Some Earth Delta Stuff
Earth Delta Updates
I Was Going To Walkthrough/Review “Sir Pellinore’s Favorite Game”, But Time Was Not On My Side
Meaning, I Finally Installed Baldur’s Gate 3 And Wasted An Afternoon
But I Did Get Three More Monsters Done This Weekend, So, Here.
OK, as it was Octopus Day earlier this week, I jotted down some ideas for octopus-inspired creatures, and actually managed to design three of them. All of these are in very rough shape, literally just finished the first drafts, and in need of typos and rebalancing. I mean, in need of fixing typos.
To add some content here, I’ll include some design notes/thoughts as well.
Crabtopus
This was partially inspired by my wife — no, not like that! — she was the one who told me it was World Octopus Day, and we discussed some ideas, which eventually merged into this, among others. As I started statting it, I had in mind the “brute” roadmap – Low AC, high hit points, very straightforward – but as I started adding in abilities, it kept drifting to a skirmisher type – many attacks with slightly lower base damage, amplified by sneak attack and ways to make enemies flat-footed to accomplish this. I almost removed the partial shell feature entirely, as that’s more a “brute” thing, but there’s no need for absolute design purity.
“What do you get when you cross a crab with an octopus?”

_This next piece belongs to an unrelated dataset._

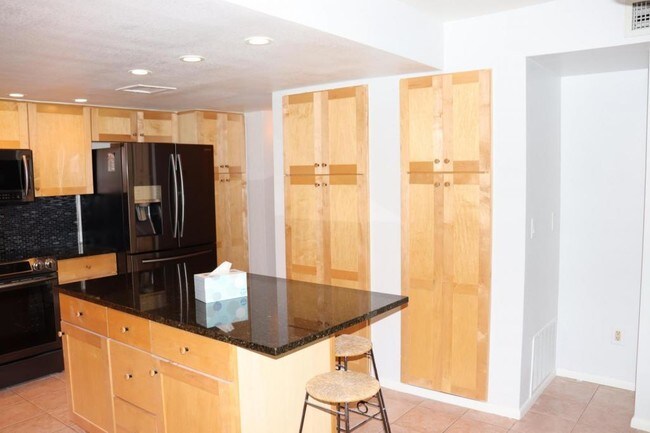 Building Photo - 9350 E Speedway Blvd, Unit 9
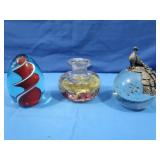 3 Vintage Paper Weights 1 Red,White,Blue Swirl, 1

“Your funding cut and a visit from the ethics committee!”
(A koan of the Ancestors, still being studied by the scholars of New Dawn)
The crabtopus is a common predator in forested areas with many lakes and streams. It will eat almost anything that doesn’t eat it first, and while they are not truly social or pack creatures, they will cooperate to bring down larger prey if there are several of them in the area, as often happens during mating season. As this time also causes them to burn energy rapidly, it can lead to more attacks on creatures that would otherwise be left alone. (The appearance of a kliksquish, a herd of mating crabtopi, around a lake safehold’s primary source of food and water, can lead to calls for bold heroes to sally forth and do what they do best – kill things for money.)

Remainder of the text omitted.